If you view it as just the CEO's decision, you've ceded a tremendous amount of power.
But, actually, it's a shared decision between the CEO and the entire body of workers. If the body of workers all reject the CEO's decision, then...that decision will get reversed.
Hypothetically, would you still feel this way of it turned out that everyone being in the office (remember this is a magical hypothetical) has a significant and demonstrable improvement in productivity?
This is more of a level-setting question than any sort of disagreement.
> Hypothetically, would you still feel this way of it turned out that everyone being in the office (remember this is a magical hypothetical) has a significant and demonstrable improvement in productivity?
Yes, in a particular scenario.
If it improved productivity so much that it exceeds the work required to commute to the office, and the employer is willing to pay for that commute (both in cost and employee time), then sure. If the productivity gain is so large that if offsets the cost/time of the commute, and the employer is willing to pay for that time, then I think RTO makes sense.
I will prioritize my own needs, my own life, my own comfort, over the "productivity" or profit of a company every day of the week and twice on Sundays.
And frankly, so should we all.
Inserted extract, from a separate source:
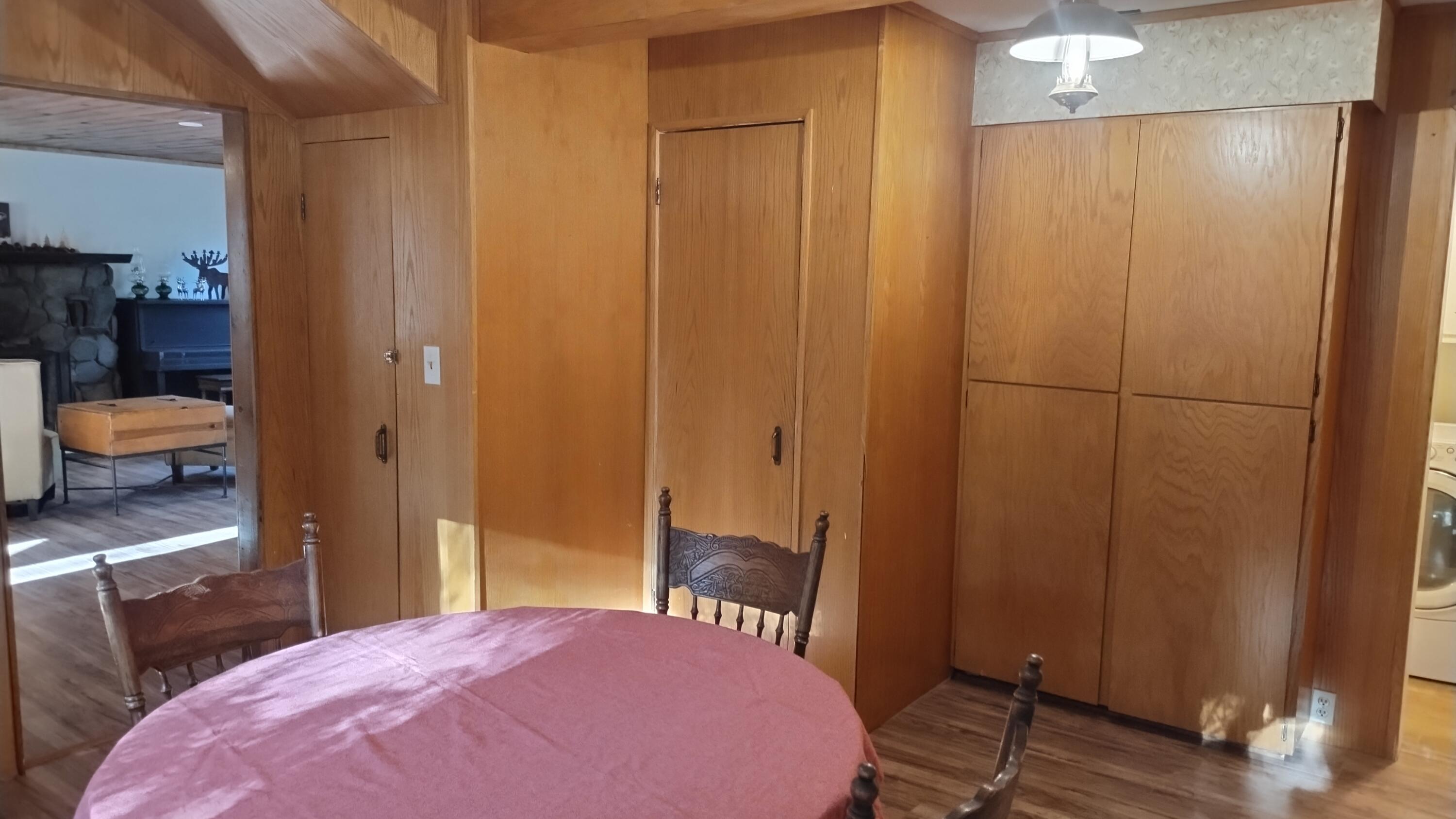 594 Loop Dr, Camp Nelson, CA 93265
This obsessive focus on enabling companies to make more money, regardless of what it means for us regular workers as human beings, is utterly ruinous and needs to stop.
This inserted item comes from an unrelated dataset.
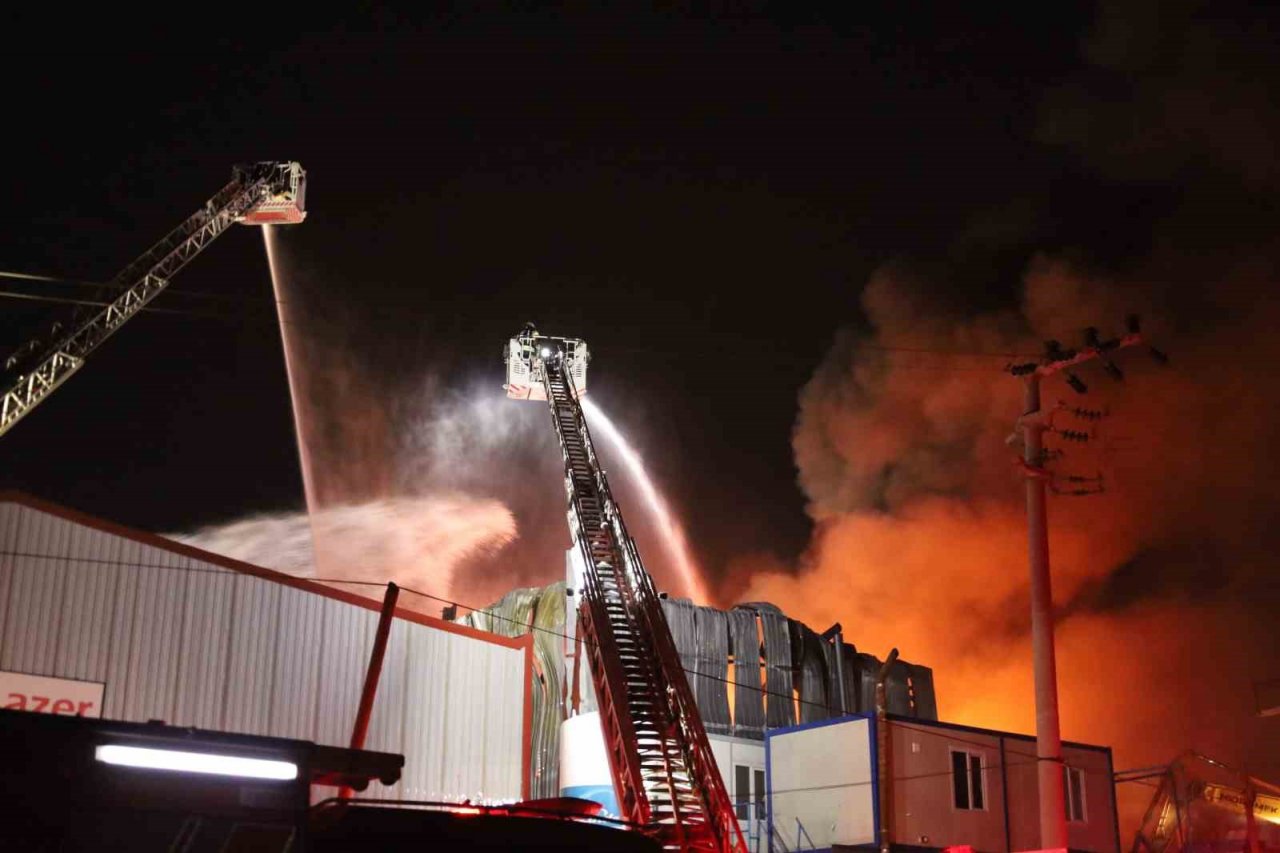 Plastik geri dönüşüm fabrikası alev alev yandı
I don't understand this response and it come off as incredibly rude.
What I'm asking is whether it ever makes sense for a firm to do something against the preferences of employees if it demonstrably increases productivity.
> You have to decide for yourself and your team/company if RTO is what is best, and don't take other's lived experience as your own.
I genuinely think you might be responding to the wrong comment or something. Where did I "take other's lived experience as your own"? Am I misinterpreting your response?
I've already said in this thread that I'm open to both arrangements. I'm not a zealot on either side of this conversation, and it bothers me that you're assuming I am. There's pros and cons to both. You put forward a scenario that for whatever reason inspired me to present a hypothetical situation because I was curious what your response would be.
I am not trying to be rude, but the way you asked the question "Hypothetically, would you still feel this way of it turned out that everyone being in the office (remember this is a magical hypothetical) has a significant and demonstrable improvement in productivity?" is leading to a yes or no answer to a hypothetical question with a lot of missing quantifiers (the lived experience). Neither answer is wrong, and neither answer is right.
A better question would have been: "_Have you_ experienced a demonstrable improvement in productivity from being in the office in yourself or others?" Personally, I have not. Going to the office wastes a lot of my day getting ready to leave the house (unhooking laptop and charger), commuting back and forth, etc. The only time being in the office is a net positive is when I need to get like 6+ people into a conference room for a few hours and get them all to agree to something. These type of meetings only happen every few months.
> You put forward a scenario that for whatever reason inspired me to present a hypothetical situation because I was curious what your response would be.
For the record, you're talking to different people. You asked the question to me, and I responded. guhidalg is a different person in the conversation.
It may not work for the five people in the office, because it’s not the environment they enjoyed if the 95 other people are not there. This is particularly true if teams are split that way.
Nobody should be forced to anything, but that doesn’t mean that an arbitrary mix works.